WHAT THE TASK REQUIRES: Copy the material below verbatim from the line with "Abrigo para 3" to the line with "Online discount shop", both lines included, omitting pictures and every line outside that range.

── AVAILABLE DATA ──

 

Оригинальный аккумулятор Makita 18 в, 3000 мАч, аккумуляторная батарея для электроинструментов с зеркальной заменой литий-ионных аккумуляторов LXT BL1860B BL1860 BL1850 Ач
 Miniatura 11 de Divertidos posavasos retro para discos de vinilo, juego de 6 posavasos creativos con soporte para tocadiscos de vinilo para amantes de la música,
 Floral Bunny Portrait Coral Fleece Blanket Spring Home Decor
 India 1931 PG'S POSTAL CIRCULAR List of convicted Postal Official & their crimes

───
── AVAILABLE DATA ──

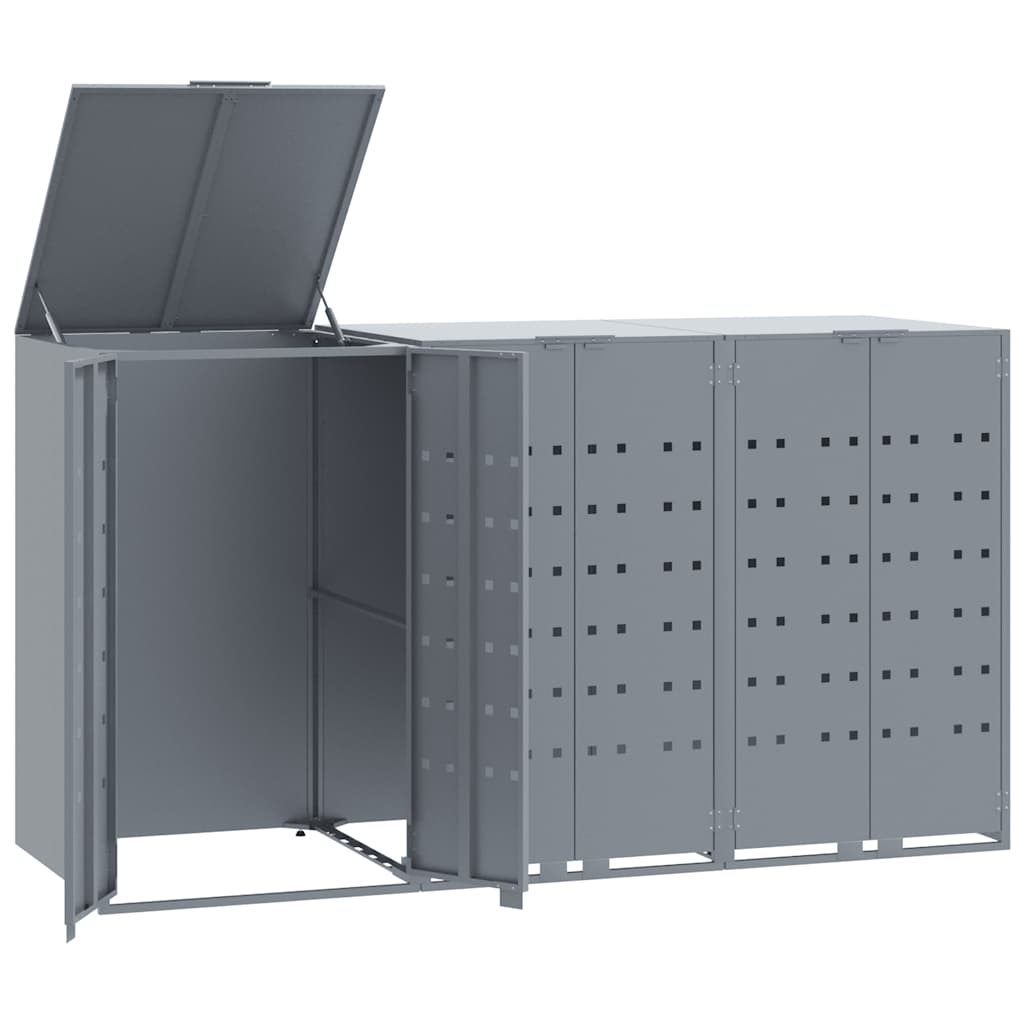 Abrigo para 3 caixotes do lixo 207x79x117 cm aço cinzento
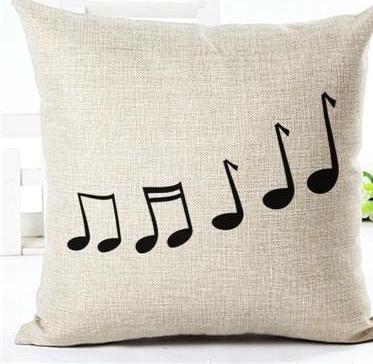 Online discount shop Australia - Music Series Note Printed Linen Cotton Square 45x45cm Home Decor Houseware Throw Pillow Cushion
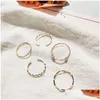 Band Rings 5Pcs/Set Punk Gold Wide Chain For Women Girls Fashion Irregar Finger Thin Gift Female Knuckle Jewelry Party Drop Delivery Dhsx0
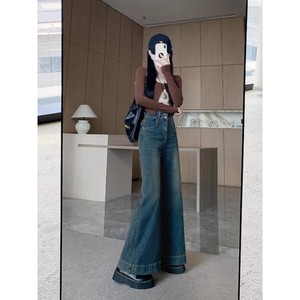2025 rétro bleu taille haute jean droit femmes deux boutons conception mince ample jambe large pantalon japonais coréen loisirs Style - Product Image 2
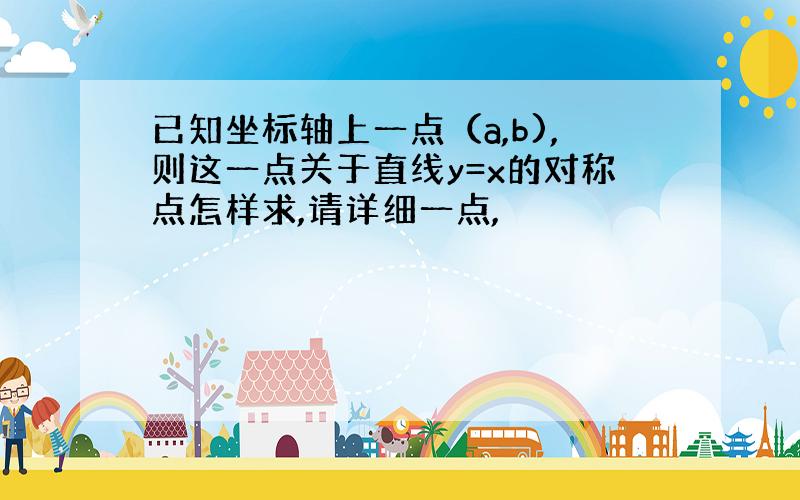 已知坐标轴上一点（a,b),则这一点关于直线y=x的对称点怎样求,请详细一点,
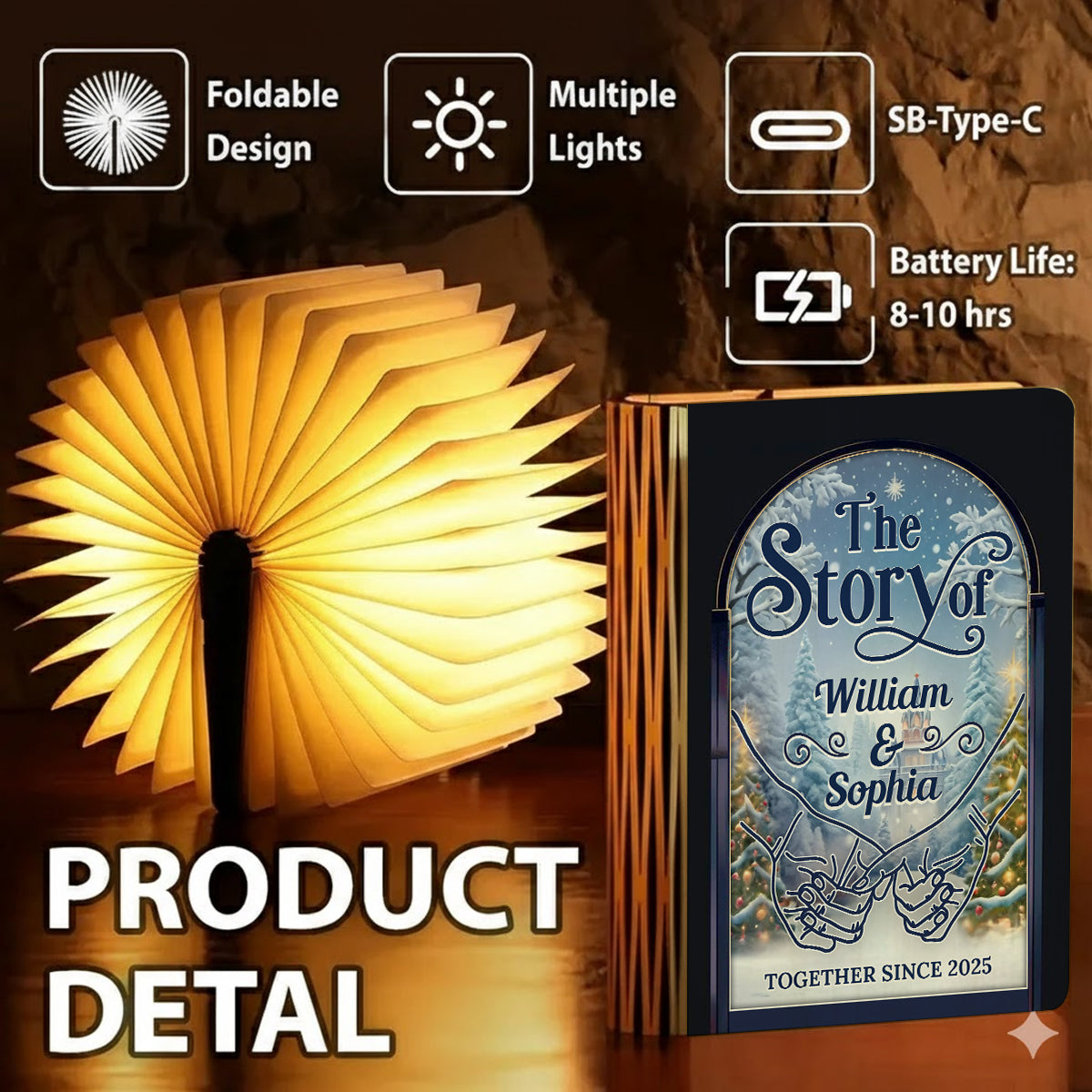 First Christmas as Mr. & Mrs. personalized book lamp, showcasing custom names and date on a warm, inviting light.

───

WRITTEN REPLY:
 Abrigo para 3 caixotes do lixo 207x79x117 cm aço cinzento
 Online discount shop Australia - Music Series Note Printed Linen Cotton Square 45x45cm Home Decor Houseware Throw Pillow Cushion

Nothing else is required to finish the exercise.